There are no engagement tools for readers – no polls, no surveys, no discussion board, no way to provide feedback to the editors (whoever they may be, since they aren’t identified).

Also, the editorial/promotional ratio strays very far away from the 60% editorial / 40% promotional rule I’ve found successful for email newsletters. On average, each issue consisted of only 4% editorial content; the vast majority of the information presented was promotional, coming in at 68%. Housekeeping made up 28% of the issue. Even on their best days, only 8% of the content was editorial; some days the promotional material topped 70%. In my book, this makes The Daily Dish a promotional email, not an email newsletter.

On a positive note, the editorial usually consisted of a link to a recipe. While this is useful, there isn’t enough of this type of information in the email newsletter to balance the heavy focus on advertising and advertorial (editorial which is actually an ad) content. To make matters worse, much of the advertorial/promotional content is the same from issue-to-issue, which gives the reader no reason to read it, once they’ve read it once.

8. Business Goals—C

The Daily Dish’s business goals are clear: (1) to sell the online diet, (2) to sell ancillary products related to the diet and (3) to make money from third-party advertising.

They hit you over the head with all three of these issue-after-issue, which earns them a point for multiple calls to action but no points for being “effective but not pushy.” The content is so promotional that it works against itself; a newsletter should provide value first and then have promotional messages secondary. This one is promotional first and foremost; the editorial appears to be an afterthought.

And the third party ads – yikes. There’s a huge ad above the masthead (Figure 3), in what was a popular ad space back in the mid-1990’s. Most email newsletters have moved away from this placement because it subjugates their masthead and brand; The Daily Dish should consider doing this as well.

Then there’s a tall vertical ad in the right column (Figures 3 and 4), along with a rectangular ad that cuts into the body copy from the left side of the screen, leaving just a 2-inch column between them to hold text (Figure 4). The copy here is sometimes editorial (a link to a recipe) and other times promotional. But that’s not all for ads. Either another banner like the one above the masthead (Figure 5) or a trio of third-party text ads appear above the footer. And these third-party ads are in addition to the promotions for South Beach Diet products which appear throughout. It’s a lot to squeeze into two printed pages or less.

Figure 4: Advertising

9. Footer—A

The Daily Dish earned another perfect score here (Figure 5). In addition to multiple unsubscribe options there is a link to a subscription management page where readers can unsubscribe from or opt-in to a wide variety of email newsletters. Also here – a U.S. Postal Service address (as required by CAN-SPAM) and a copyright notice, to protect the content.

Figure 5: Footer

10. Other

The Daily Dish promises daily delivery and they live up to that. The high volume of promotional content wasn’t mentioned at sign-up, and while they do deliver a link to a recipe in almost every issue, it isn’t the email newsletter that was promised at sign-up; no credit there. I was delighted to see them offer a link to subscribe for people who have “received this email forwarded from a friend,” but there was no language suggesting that readers share the email newsletter. They really should consider including this, especially since the Website sign-up is hidden, rather than front and center.

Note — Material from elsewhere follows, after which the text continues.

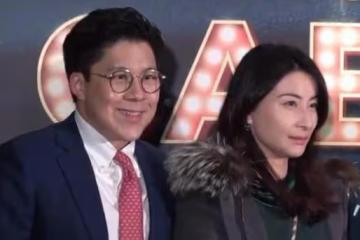 恭喜！霍啟剛晉升港區代表，郭晶晶素裝陪同仍舊壓倒眾富豪太太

It’s not that The Daily Dish isn’t an effective email, it’s just that it isn’t really an email newsletter – it’s a promotional email with a link to a recipe. The average grade it received in this review is based on everything but content – which is what makes an email newsletter great. If they want to publish an email newsletter to promote the diet they should beef up editorial content and cut back on the advertising. If this is purely a promotional / third-party advertising vehicle, they should be more honest about that at sign-up (and they might consider cutting back the frequency).